On their sixth outing, Confetti - also their first away from the clawing clutches of Simon Cowell and his label Syco - comes a stride forward in reminding the world of the behemoth Little Mix has become. Given the situation, almost freedom, that the assertive group find themselves in, there’s certainly a gap in Confetti that leaves you wishing there was a further step forward into something coherent.
Front-loaded with smash hits "Break Up Song" and "Holiday", to have this watertight bow of perfect pop then move through a sparkling sequence of songs to "Another Pop Song" which, for all it's Cowell baiting - and absolute truth - feels disingenuous. They've broken away from the lion's den, and have simply erected their own which feels just as entrapping.
Certainly, a group such as Little Mix are a moulded to serve a certain purpose - where most artists can break away from this and explore further territory - the four-piece are beholden to their shackles of serving admittedly impeccably crafted pop about sex, love and breakups. But when its served in a manner that hops between the matter in a disjointed fashion, to come along for the ride on a full-length is quite the struggle. In their components, Confetti's make up is fierce, brash, melodiously incumbent and perfectly befitting these ever-darkening days, but once you settle in, certainly the confetti rains down, but any resonance or semblance of an emotional deliverance leaves the dance floor.
Tracks such as "Happiness", with its gloriously fluttering lyrics regarding self-love and acceptance of what you want from another person, and "Gloves", with its euphoric, deep groove perfectly befitting a musical with its rapture, lift Confetti's spirits. The moments that shine - and there are a lot of them - are blinding. Even when the party slows to appreciate the human nature of friendship (“My Love Won’t Let You Down”). the shimmer holds you close.

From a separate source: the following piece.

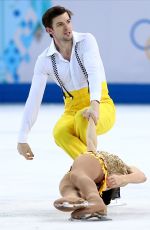 STEFANIA BERTON and Ondrej Hotarek at 2014 Winter Olympics in Sochi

If you're looking for choice picks that suit your current standing (single / taken / stuck in lockdown lusting) then you'll find what you need - a relatable nature is served up on a silver platter - but a greater understanding of anything other than the above shall not be found. Pop for pop's sake is never a bad thing, but when a band like Little Mix are in the midst of a year that's seen them take no prisoner, a little more care in the craft of the big picture wouldn't go amiss.